Media Release: Professor Jane Kelsey. Tuesday February 1, 2011
More than 250 international economists, including some of the best-known commentators on the global financial crisis, have signed an open letter calling on the US government to remove of capital controls from the ambit of its free trade agreements, including the Trans-Pacific Partnership Agreement.
“When such prominent economists and Joseph Stiglitz and Dani Rodrik speak, New Zealand should listen”, said Professor Jane Kelsey, a strong critic of the TPPA.
Unrestricted capital flows is a standard requirement of US free trade agreements, with no right even to take emergency measures in a balance of payments emergency, she said.

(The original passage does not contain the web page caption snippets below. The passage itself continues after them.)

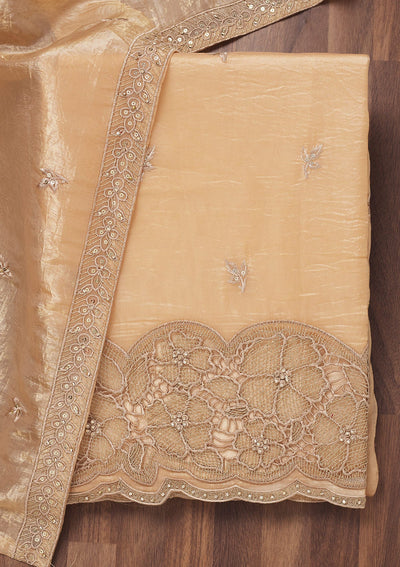 Light Peach Zariwork Semi Crepe Unstitched Salwar Suit-Koskii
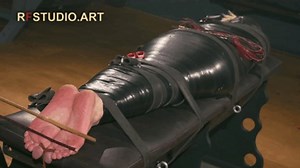 Elli in Total Tight PVC Mummification - Another Bastinado for Barefoot Submissive Cutie (UHD 4K MP4)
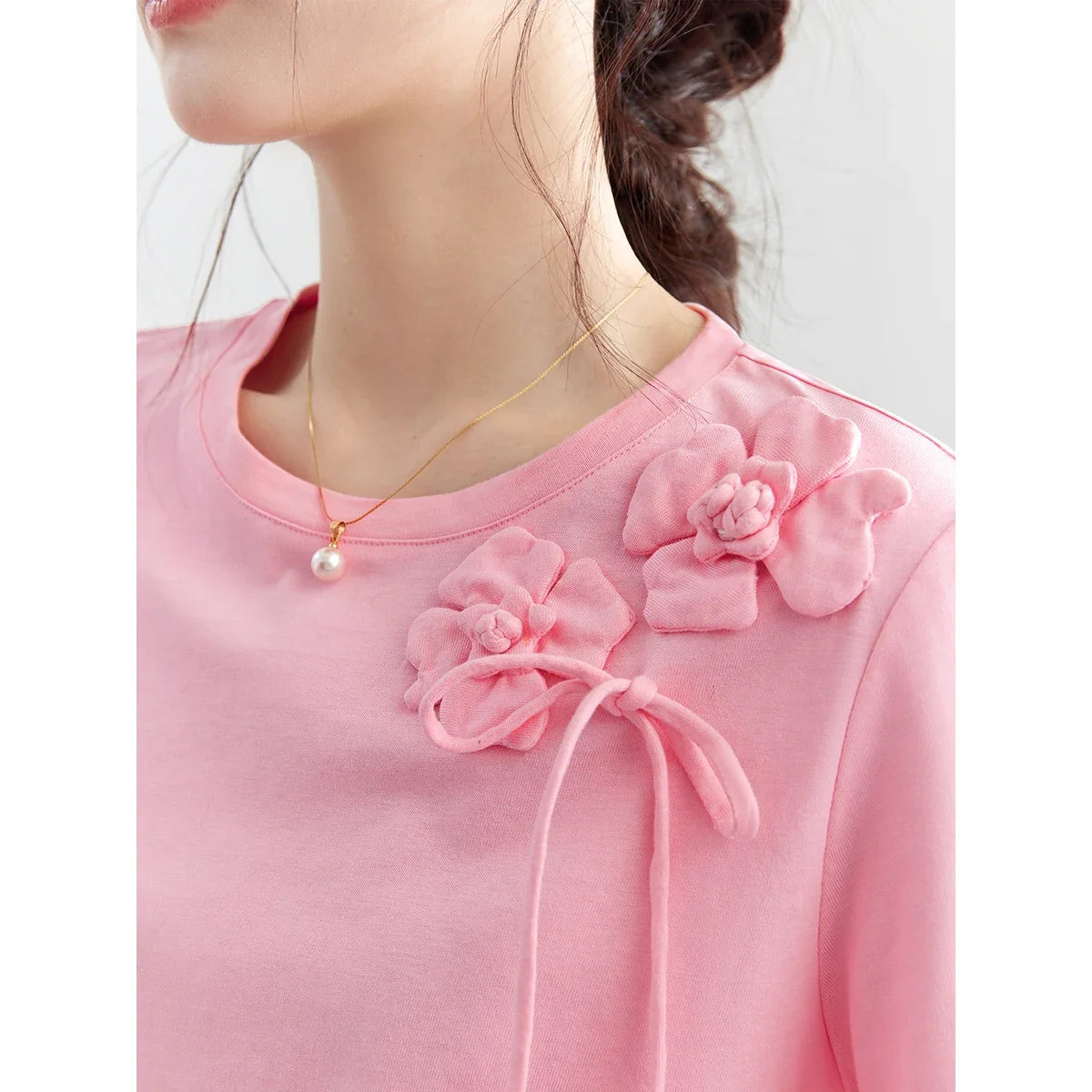 100% Cotton Summer T-Shirt Women 2026 Pink Tees Fashion Heavy 3D Floral Casual Crew Neck Short Sleeve Top A6182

Both the Labour Party and the Greens have been proposing a financial transaction tax that would become impossible to institute under such an agreement.
“Even the International Monetary Fund, once a leading champion of full capital account liberalisation, now says that capital controls have a legitimate role to play in restraining speculative financial flows and maintaining financial instability.”
A number of countries, including Brazil, Indonesia, Taiwan and South Korea have adopted such controls in the past two years. Korea’s measures would have raised conflicts with its FTAs with both the US and the European Union; however, neither of these agreements is yet in effect.
“The New Zealand government needs to guarantee New Zealanders that it will demand a carveout of capital controls from any financial services and investment negotiation in the TPPA and make that position clear in the next round of negotiations in Chile in February”, said Professor Kelsey.
“The Labour Party also needs to take a public position on the issue.”